Indiana defensive coordinator Kane Wommack was the Jaguars’ defensive coordinator from 2016-‘17. He knows the program from the inside and the recruiting footprint it’s perched upon (ironically, he was once a fullback at Southern Miss). At 33, Wommack is the first “young” coach in Jags’ history, something a lot of people in the industry thought the program needed. There’s a point in which veteran coaches are necessary to get a program off the ground, and a very specific fulcrum where the need for a hype/culture/energy persona takes over.
Arizona
Kevin Sumlin’s hapless 9-20 run culminated in Friday’s horrific 70-7 loss to rival Arizona State. Arizona officials grew tired of Sumlin (and vice versa) a while back, but a $7.5 million buyout, half of which is due within a month, led many to believe the two sides would suffer through a loveless union until that buyout got old enough to be paid off without much strain.
That’s the real, measurable cost of losing by 63 to the other program in the state: You’re willing to start straining. Arizona football’s implosion has been so total, so inarguable and without any fraction of a potential positive to position over the next nine months that the school damned its own torpedoes and bit down anyway.

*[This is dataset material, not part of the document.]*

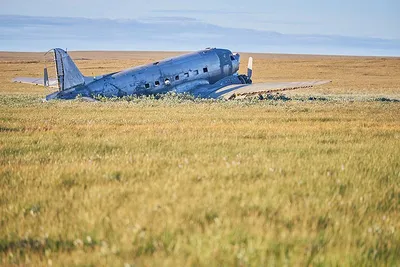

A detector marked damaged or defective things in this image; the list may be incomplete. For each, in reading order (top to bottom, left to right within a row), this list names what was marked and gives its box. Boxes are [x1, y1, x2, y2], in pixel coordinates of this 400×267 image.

broken wing section [197, 80, 332, 100]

So what’s left? The Wildcats are strapped for cash and ASU is rolling under Herm Edwards. The good news is 1. The state of Arizona’s high school talent is getting better and 2. Clay Helton is still the head coach of USC, meaning the Pac-12 South will remain sleepy and Los Angeles recruiting remains unguarded.
The current talk is that Arizona Athletic Director Dave Heeke is looking for a young head coach with an offensive background who can do more with less in the short term, which is AD code for “We are broke-ass, don’t ask.” If you’re looking for someone already doing that, call Kent State’s Sean Lewis. The Flashes are running Lane Kiffin’s offense on Frank Solich’s budget at a previously moribund program.
My next call would be to Nevada’s Jay Norvell. The former Oklahoma and Texas assistant has rallied the Wolfpack, a low tier Mountain West program, to 6-2 during a pandemic. About that “low tier” qualifier: I’ve heard Norvell and his staff have been frustrated by Nevada’s lack of financial commitment as the program has steadily improved. As one Mountain West source put it, “They’re talking like a football school but still acting like a basketball school.”
Notice any symmetry there, Wildcats fans? Norvell has proof of concept on a more-with-less build at a basketball school on the West Coast. Or as one agent said succinctly, “he’s already at the Arizona of the Mountain West.” If not Norvell, maybe Avalos fits here as well.
Or, and hear me out: run the fucking triple.